Targeting a UK audience

Rather than a ‘copy-and-paste’ of the French park, Mr Favreau insisted that the UK one will be specially tailored to the UK’s unique history, culture – and weather.

“We create new things and we adapt the concept to the place.”

However, he admitted that marketing a ‘no-rides’ theme park to a UK audience could prove tricky, especially given the original park’s relatively low profile there.

“In France, everyone knows about Puy du Fou, and it’s crazy that just across the Channel in the UK no one has heard of it.
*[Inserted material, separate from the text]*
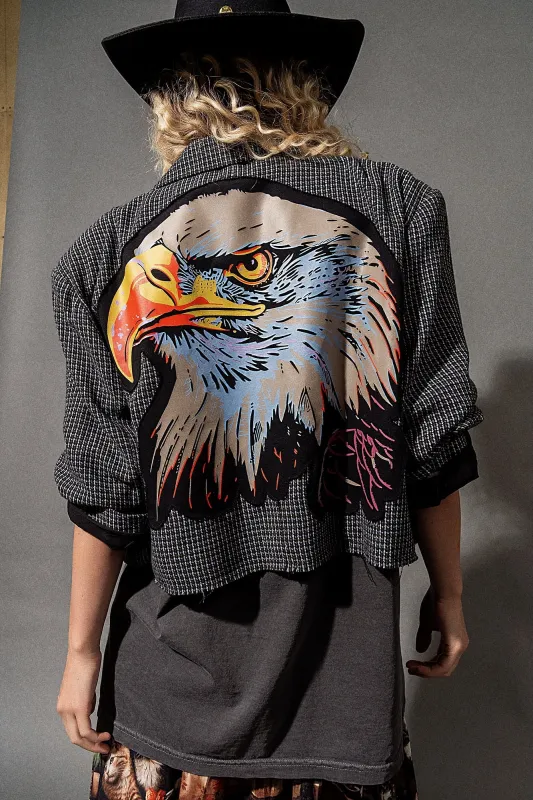 United States of Lala Tweed Cropped Blazer made by Dressed In Lala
“Having a theme park dedicated exclusively to shows just doesn’t exist elsewhere I believe, so it’s really complicated to understand the concept without living it. Even if you say that it’s ‘20 West End shows in the same place,’ for example.

Britons Bob and Ann Loomes, who visited Puy du Fou in France for the first time in 2023 and remain huge fans, agree. 

“The French are used to different theme parks, such as Futuroscope and Terra Botanica,” Mr Loomes said. 

“The advertising team will have to convince a UK audience that this will be fascinating, stimulating, surprising etc in a completely different way to roller coasters, which are basically an excuse for kids to scream their heads off. And it will need constant updates and new ideas to attract returning visitors. 

“Having said that, it might be seen by schools as educationally useful.”

Read more: French theme park scoops three international awards

Puy du Fou already has some experience working on UK shows, having helped to develop Kynren in County Durham, a 90-minute outdoor show promising ‘an epic tale of England’.